Adrian Daily Telegram: Amendment aims to end some federal civil forfeitures
WASHINGTON, D.C. — U.S. Rep. Tim Walberg, R-Tipton, was joined by two Democrats to make a stand against U.S. Attorney General Jeff Sessions’ call to expand the controversial law enforcement tactic of civil forfeitures.
The U.S. House of Representatives passed a bill Sept. 14 that appropriated funds to a number of federal agencies, including the U.S. Department of Justice.
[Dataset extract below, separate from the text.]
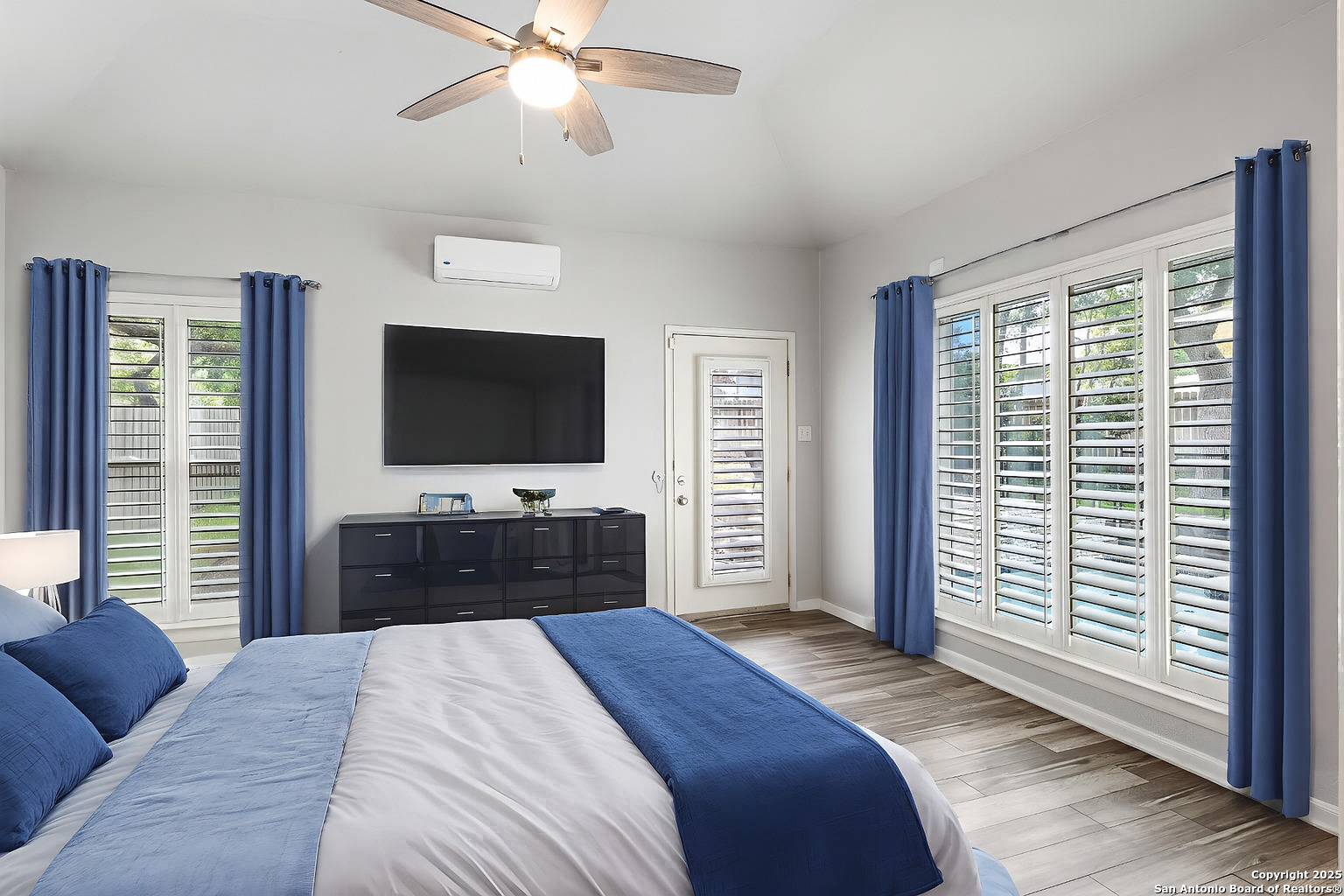 Property Photo: 15903 Lofty Heights TX 78232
Included in the bill was an amendment drafted by Walberg that prevents any funds appropriated to the Department of Justice to be used to conduct adoptive civil asset forfeitures — the seizing of property by law enforcement agencies that is believed to have aided or gained through criminal activity.
Walberg introduced the amendment on the House floor during a Sept. 12 debate on the legislation.
“In recent years, we have seen a growing number of instances where the government has confiscated private property from citizens and small businesses without any criminal conviction, or even criminal charges,” Walberg said. “Under the civil forfeiture law, the system is ripe for abuse and has undermined the constitutional rights of far too many Americans.”
Walberg cited a politically diverse coalition of organizations supporting his amendment, which included the American Conservative Union, the Institute for Justice, the National Association for the Advancement of Colored People and the American Civil Liberties Union.
“We should not accept a system where the government can seize innocent people’s property without charging them with a crime,” Walberg said, adding that Congress should pass a separate, comprehensive bill on civil forfeitures, like the Fifth Amendment Integrity Restoration (FAIR) Act, which he introduced March 15.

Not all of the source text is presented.